In the spring of 1967 I was draft eligible. Single, age 19, male, no dependents and no student or other strategic deferment. SSS code “1A”. Shortly before my 20th birthday I received the standard “greetings” letter from the Selective Service Commission. The SSS organized the draft and executed the calling of recruits but the local draft board determined their eligibility for the call. Our draft board, made up of local political appointees was on the second floor of the Capital Theatre building on Main Street. Having spent many Saturday afternoons at the Capital watching westerns and 1950’s horror flicks, I knew the building well. On the appointed date and time I walked to the Capital and presented myself.
On this bright spring day there were about forty of us–enough to fill a school bus. Kids from the several “valley” towns that this local board served, stood in a queue with their draft cards in hand while a civilian member of the board and a regular army sergeant, likely a reservist, verified our credentials and checked us off a list. I took my seat next to some kid from Derby and road the twelve miles to New Haven’s Goffe Street Armory building in quiet contemplation. A few kids talked among themselves, some smoked but most just stared out the open windows.

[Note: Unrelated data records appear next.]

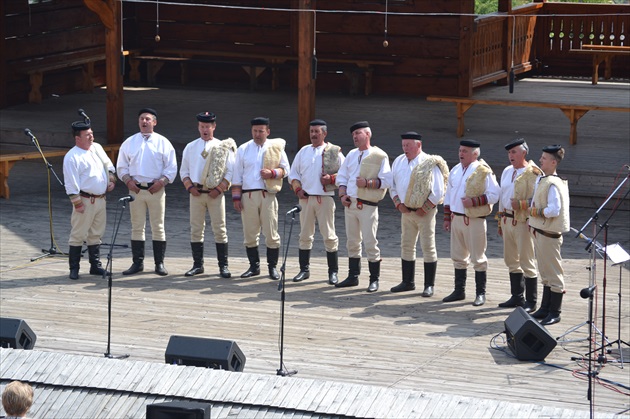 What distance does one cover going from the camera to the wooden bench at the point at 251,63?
20.1 metres

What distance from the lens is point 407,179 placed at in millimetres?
11312

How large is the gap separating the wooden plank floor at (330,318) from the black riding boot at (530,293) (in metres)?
0.25

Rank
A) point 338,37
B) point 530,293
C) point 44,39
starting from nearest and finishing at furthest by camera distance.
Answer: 1. point 530,293
2. point 44,39
3. point 338,37

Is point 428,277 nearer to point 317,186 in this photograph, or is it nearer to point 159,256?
point 317,186

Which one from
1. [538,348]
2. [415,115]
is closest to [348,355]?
[538,348]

The old State Armory building had a storied past. The current structure was built in 1928 but this spot was where Southern Connecticut men had assembled for every war as enlistees or draftees since the Civil War. It was also home to the 2nd CT Governor’s Foot Guard which could trace its origins to the pre-revolutionary era in our state. There were other buses from other towns and counties in the Southern Connecticut region. The quiet lines left the busses, slinking their way through the portico of this granite fortress. We peed and “aaahhed”, stripped and coughed for the men in white and finally had our blood drawn. Not surprisingly this was the most anxiously anticipated part of the exam as several of my colleagues fainted at the sight of the needles and blood. Donnie stranding in front of me dropped unconscious to the floor with a thud. The medics picked him up, seated him in the drawing chair and revived him with smelling salts, then drew his blood. No comments or determinations were made on our fitness although some of us were detained shortly for questioning on matters of loyalty and citizenship. In less than an hour we were back on the bus heading back to Main Street Ansonia.

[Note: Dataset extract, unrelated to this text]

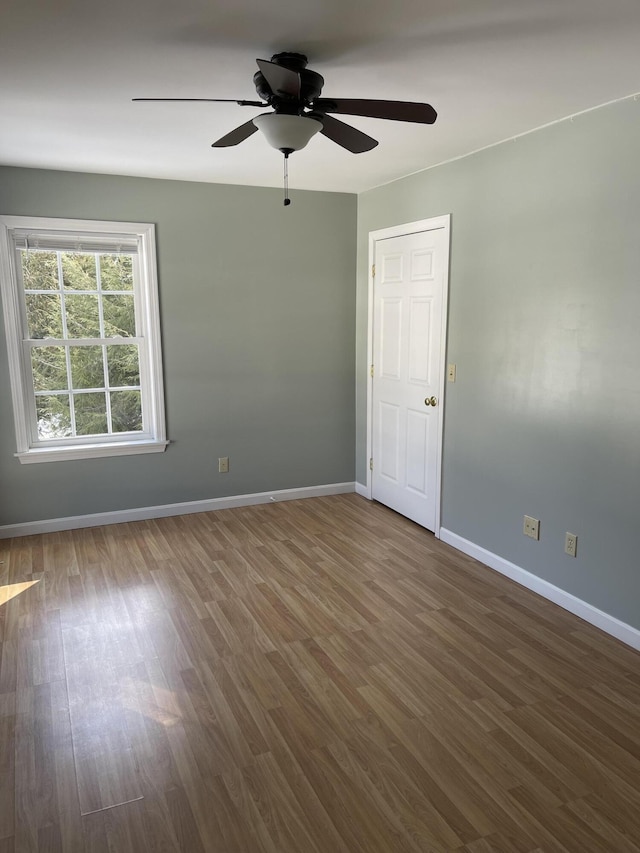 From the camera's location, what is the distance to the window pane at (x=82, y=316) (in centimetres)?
420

On the ride back, the soldier who had accompanied us on the trip to New Haven was replaced by a marine sergeant in full dress uniform. A hansom kid not much older than me, he stood up near the driver and faced his captive audience. He had one arm, the sleeve on his right hand side, neatly folded, with stripes-out and pinned to his chest. He spent the next twenty minutes telling us about the Marine Corps. Its values, its loyalty to its members and our nation and how it had changed his life for the better. He thanked us for our participation in the Selective Service process and went on to talk about the duty each citizen has in defending his country and the many options and benefits available in voluntary service. He spoke at length about his role in the Vietnam Conflict and how important it was for the USA to defeat Communism and keep the world safe for democracy. As we drove up Main Street, he ended with an emotional tribute to his fellow marines and the pride he felt in giving his arm in defense of the United States. I bolted from the bus and ran home. I told my dad there was no fucking way I was joining any branch of the service and going to Viet Nam. Thank God he agreed. His high school buddy was chairman of the local draft board. I was saved by White Privilege.